Again, with the "Natural Born Citizen"

 It's getting to be that time again, when politicians who are not legally entitled to seek the US presidency will nonetheless seek the US presidency.  It is up to *you*, as US citizens and electors, to understand why these politicians are ineligible and to *refuse* to support them in their illegal quests.

The US Constitution *requires* that the President and the Vice-President of the USA be natural born US citizens.

But, what does "natural born US citizen" mean?  What requirement or requirements does one have to meet in order to be a "natural born US citizen"?

Some people -- generally Democrats or other leftists, but also GOPers who want to obfuscate the fact that their favorite politician is not a natural born US citizen – will say, “The Constitution does not define the term ‘natural born US citizen’”, as though that means anything; and with the generally unspoken assertion that the term therefore means nothing, or they will explicitly say that therefore we cannot know what it means.  Same difference.  But, this pseudo-argument is absurd in at least three ways:

1) The US Constitution defines almost none of the terms it uses.
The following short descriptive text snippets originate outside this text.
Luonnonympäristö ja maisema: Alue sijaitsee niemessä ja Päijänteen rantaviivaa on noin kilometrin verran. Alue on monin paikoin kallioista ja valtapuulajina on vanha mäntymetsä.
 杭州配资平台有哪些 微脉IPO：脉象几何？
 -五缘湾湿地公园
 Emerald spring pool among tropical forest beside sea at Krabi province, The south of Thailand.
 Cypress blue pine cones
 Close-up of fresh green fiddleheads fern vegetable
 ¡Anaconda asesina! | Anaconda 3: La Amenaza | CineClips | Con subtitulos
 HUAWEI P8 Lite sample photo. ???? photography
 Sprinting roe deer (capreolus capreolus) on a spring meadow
One of the few terms it does define is ‘treason’, and that is because it is redefining the term more narrowly than it had been understood since 1066.

2) To say that since the Constitution doesn’t define some term it uses, and thus that the term’s meaning is unknown or obscure, is to say that the Framers mindlessly put things in the document without knowing what they meant by those terms.  You know, sort of like Nancy Pelosi’s infamous “We have to pass it to find out what’s in it”.
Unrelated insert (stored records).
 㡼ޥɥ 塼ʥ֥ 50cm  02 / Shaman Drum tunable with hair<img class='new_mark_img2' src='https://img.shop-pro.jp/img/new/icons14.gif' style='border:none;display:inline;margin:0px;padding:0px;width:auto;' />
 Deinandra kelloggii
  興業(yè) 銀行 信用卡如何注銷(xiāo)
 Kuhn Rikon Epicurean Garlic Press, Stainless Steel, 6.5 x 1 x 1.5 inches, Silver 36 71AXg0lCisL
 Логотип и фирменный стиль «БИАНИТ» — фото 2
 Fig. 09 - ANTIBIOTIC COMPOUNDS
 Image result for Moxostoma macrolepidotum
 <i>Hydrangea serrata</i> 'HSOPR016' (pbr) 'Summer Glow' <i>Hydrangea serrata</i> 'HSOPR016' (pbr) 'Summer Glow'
3) To say that since the Constitution doesn’t define some term it uses, and thus that the term’s meaning is unknown or obscure, is to say that *all* terms used in the document are of unknown or obscure meanings.

Some people – much the same people as above, and for much the same reasons – will say that "natural born US citizen" means *anyone* born in the USA.  But, does that assertion stand up to scrutiny?  Are “anchor babies” natural born US citizens, and thus legally able to occupy the offices of President and Vice-President?  Are “birth-tourism babies” natural born US citizens, and thus legally able to occupy the offices of President and Vice-President?  I don’t know whether it’s still common, but some years ago it was popular with the more affluent subjects of (Communist) China to travel to the US just before their babies were due to be born, so as to take advantage of an at-the-time relatively recent supreme Court (capitalization intentional, as per the Constitution) re-interpretation of the first sentence of Section 1 of the 14th Amendment. 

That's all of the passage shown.